Work item:
Every word in the data below belongs in your copy, exactly as given; the pictures do not.

Dataset content:
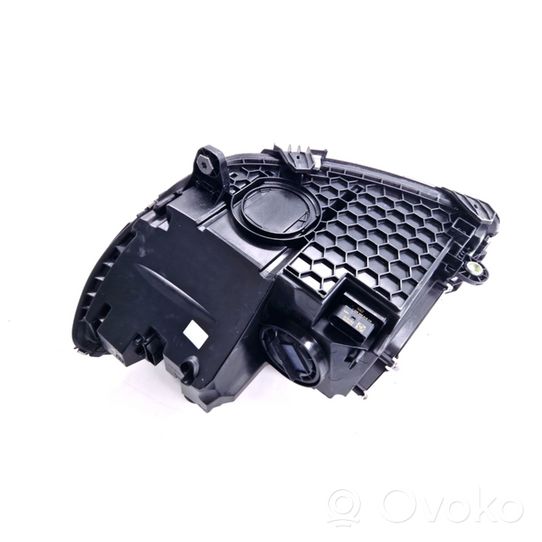 Mercedes-Benz C W206 Lampa przednia A2069067203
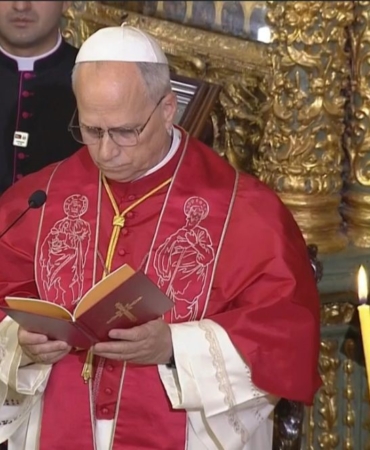papa-14-leo-fener-rum-patrikhanesine-geldi-i7JjeQOM.jpg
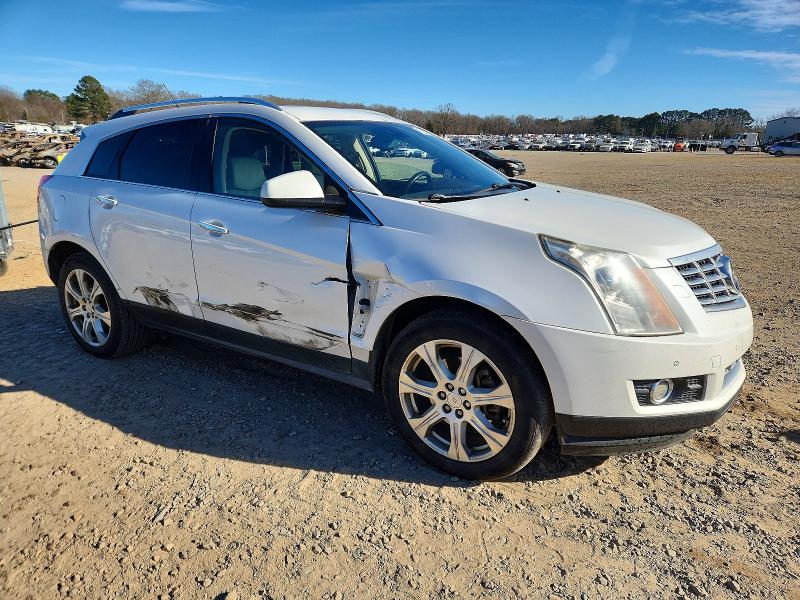 Photo 4 from auction – 2014 CADILLAC SRX PREMIU with VIN 3GYFNDE31ES569455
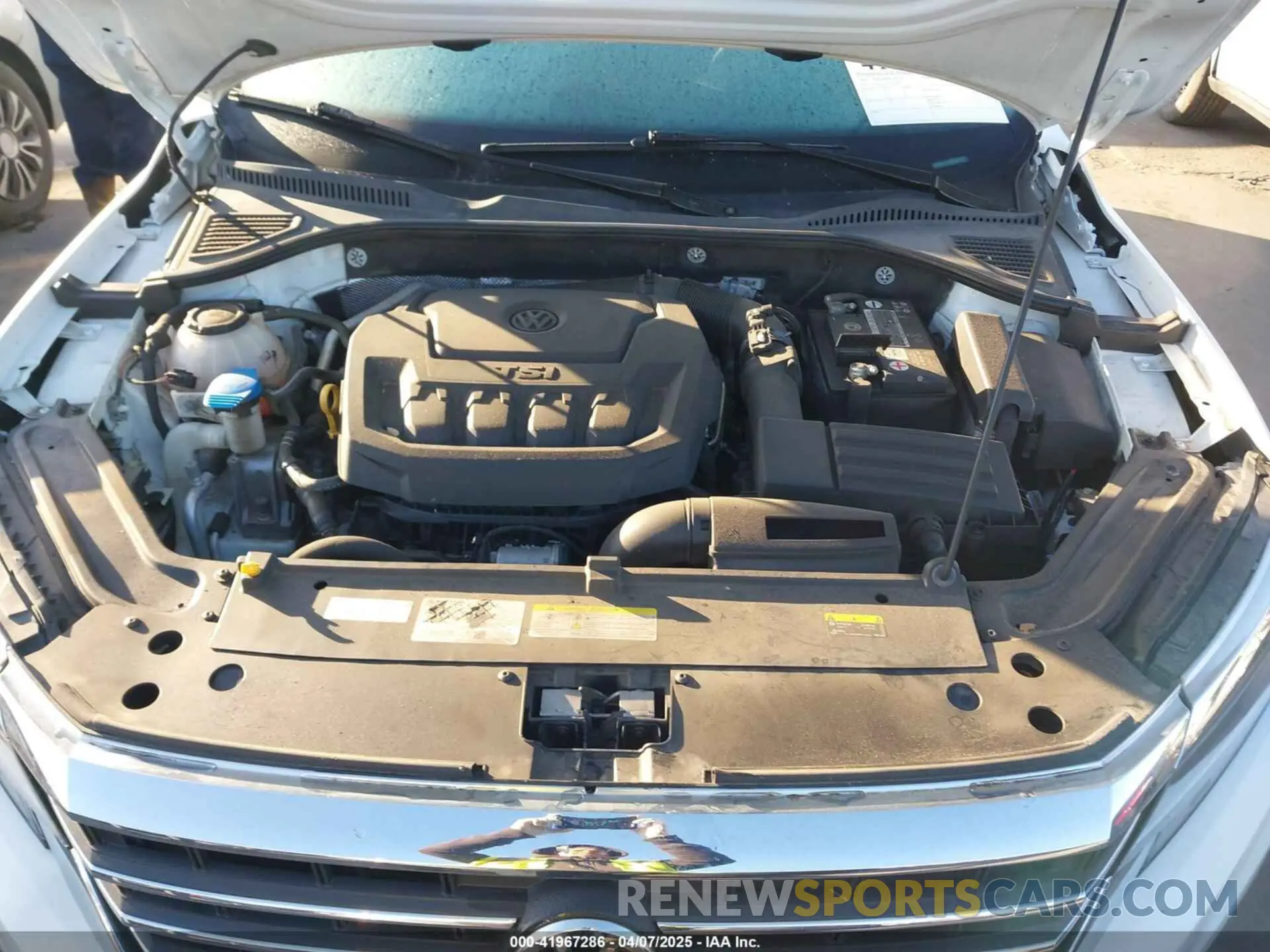 10 Photograph of a damaged car 1VWSA7A32NC005789 VOLKSWAGEN PASSAT 2022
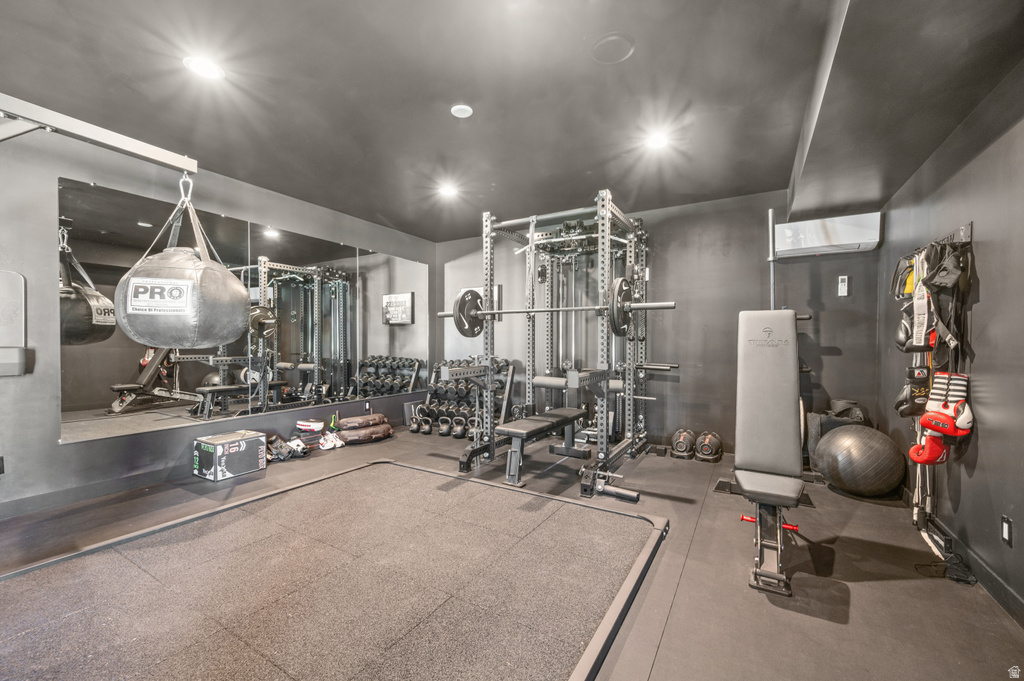 886 S WINTER LN North Salt Lake, UT 84054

Result:
 Mercedes-Benz C W206 Lampa przednia A2069067203
papa-14-leo-fener-rum-patrikhanesine-geldi-i7JjeQOM.jpg
 Photo 4 from auction – 2014 CADILLAC SRX PREMIU with VIN 3GYFNDE31ES569455
 10 Photograph of a damaged car 1VWSA7A32NC005789 VOLKSWAGEN PASSAT 2022
 886 S WINTER LN North Salt Lake, UT 84054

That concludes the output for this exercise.